What needs to be done => You are asked to reproduce the listing exactly and to omit its pictures.

Data extract =>

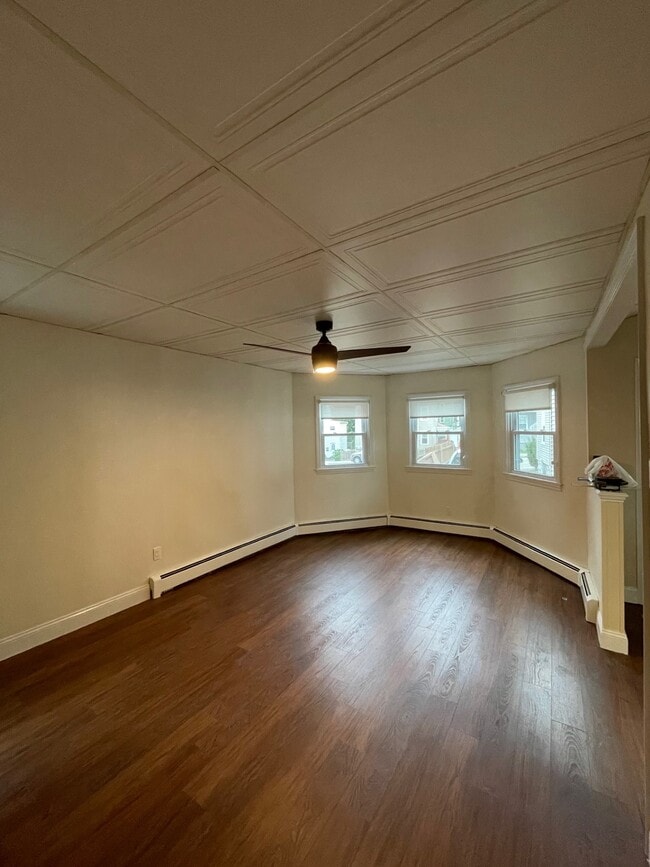 Living room - 281 Hamlet St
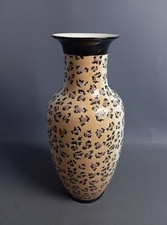 Porcelain vase with leopard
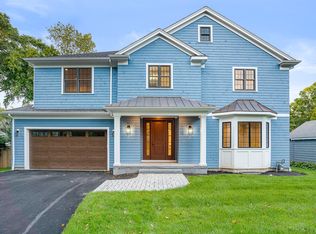 11 Woodhaven Rd, Newton, MA 02468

Solution below =>
 Living room - 281 Hamlet St
 Porcelain vase with leopard
 11 Woodhaven Rd, Newton, MA 02468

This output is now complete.